Así pues, Trump en teoría podría tener razón con su aseveración de que, hasta la fecha, sus aranceles contra China los ha sufrido la economía asiática y no la estadounidense: todo depende de cuán relativamente flexibles sean sus ofertas y demandas relativas. Pero ¿tiene razón en la práctica? Desde luego que no: en un reciente 'paper', los economistas Mary Amiti, Stephen J. Redding y David E. Weinstein han puesto de manifiesto que, hasta el momento, la totalidad del incremento de los aranceles estadounidenses ha sido traspasada en forma de mayores precios a sus propios ciudadanos, esto es, los exportadores siguen recibiendo hoy el mismo monto por producto que antes del rearme arancelario (y es el importador quien paga todo el impuesto exterior).
En principio, cabría pensar que estamos ante una mera redistribución de la renta desde el importador estadounidense hacia el Gobierno estadounidense: el primero dispone de menor renta porque paga más impuestos, mientras que el segundo adquiere mayor capacidad de gasto merced a la nueva recaudación. En agregado, pues, nadie perdería. Pero aun suponiendo que el Gobierno sea capaz de generar tanto bienestar con esos recursos como el que habrían generado en manos de los ciudadanos (quienes sí saben qué han de comprar para satisfacer sus necesidades), los aranceles estarían generando ahora mismo unas pérdidas de 1.400 millones de dólares por mes (debido a que, como los precios finales de venta son más altos, adquieren menos productos chinos que los que alternativamente habrían comprado).
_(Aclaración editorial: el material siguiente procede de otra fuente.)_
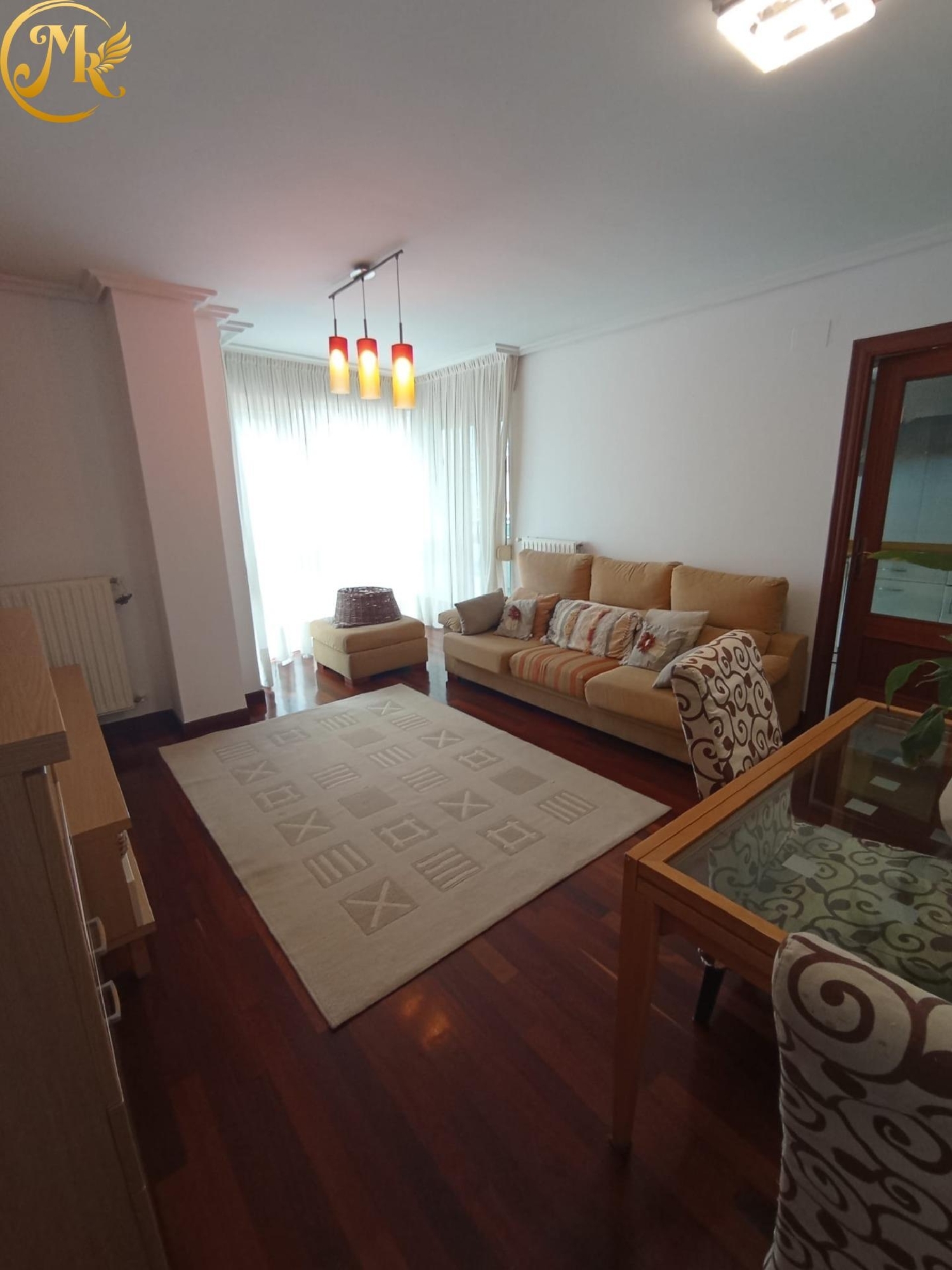  en venta apartamento Maliaño Comarca De Santander 2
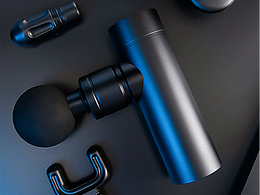 產(chǎn)品攝影拍攝庫(kù)存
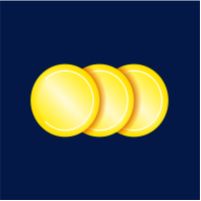 Ваш Ломбард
Si tenemos en cuenta que probablemente el Gobierno no sea capaz de generar tanto bienestar como el que habrían obtenido los propios ciudadanos gestionando su propio dinero, las pérdidas mensuales se ubicarían en los 3.000 millones de dólares. Y si Trump cumple con su amenaza de multiplicar los aranceles sobre el conjunto de productos chinos, el destrozo será obviamente muy superior.
Que los aranceles de EEUU estén siendo en última instancia soportados por los propios estadounidenses (y, según estimaban los autores del informe, que los aranceles chinos estén siendo soportados por los propios chinos) pone de manifiesto una de las implicaciones más importantes del comercio: en la medida en que nos induce a especializarnos en aquello en lo que somos relativamente mejores, el comercio también nos vuelve interdependientes (ya no dependemos solo de nosotros mismos, sino también de los demás). Y como esa interdependencia es complicada de sortear, los aranceles los termina pagando aquel que no tiene —de momento— otra alternativa que seguir recurriendo a su proveedor hiperespecializado.
Por eso, una guerra comercial a gran escala es, a corto plazo, un expolio para los importadores y, a largo plazo, una forma de destruir las cadenas de producción globales y, por ende, de empobrecernos a todos.
Si Trump no va de farol, lo pagaremos todos muy caro.